STORED DATA:
▽

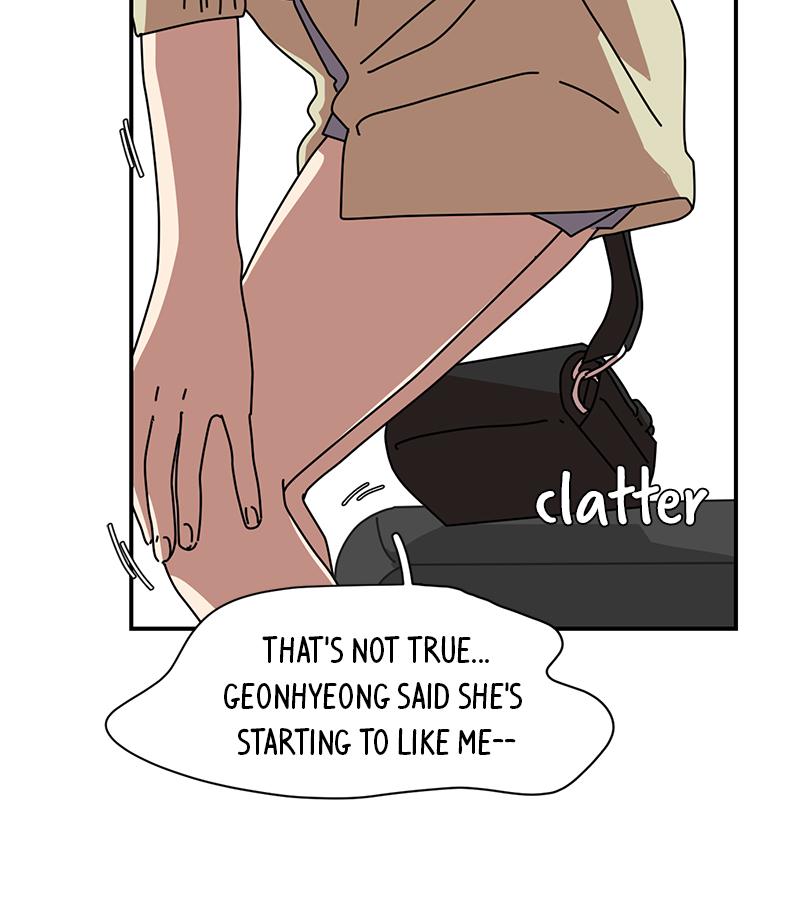 Read Her Bucket List Manga Online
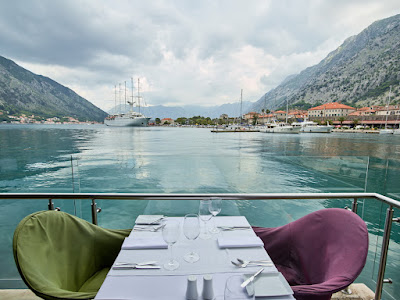 Restaurant Galion — fotografia 5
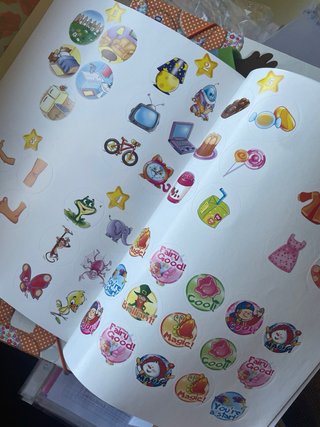 Libro ingles 2 primaria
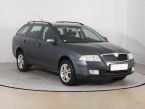 Škoda Octavia - fotka číslo 0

△

Word for word, give again the lines from the line holding "Restaurant Galion — fotografia 5" through the last line of the material, both included; pictures are not part of the copy.

 Restaurant Galion — fotografia 5
 Libro ingles 2 primaria
 Škoda Octavia - fotka číslo 0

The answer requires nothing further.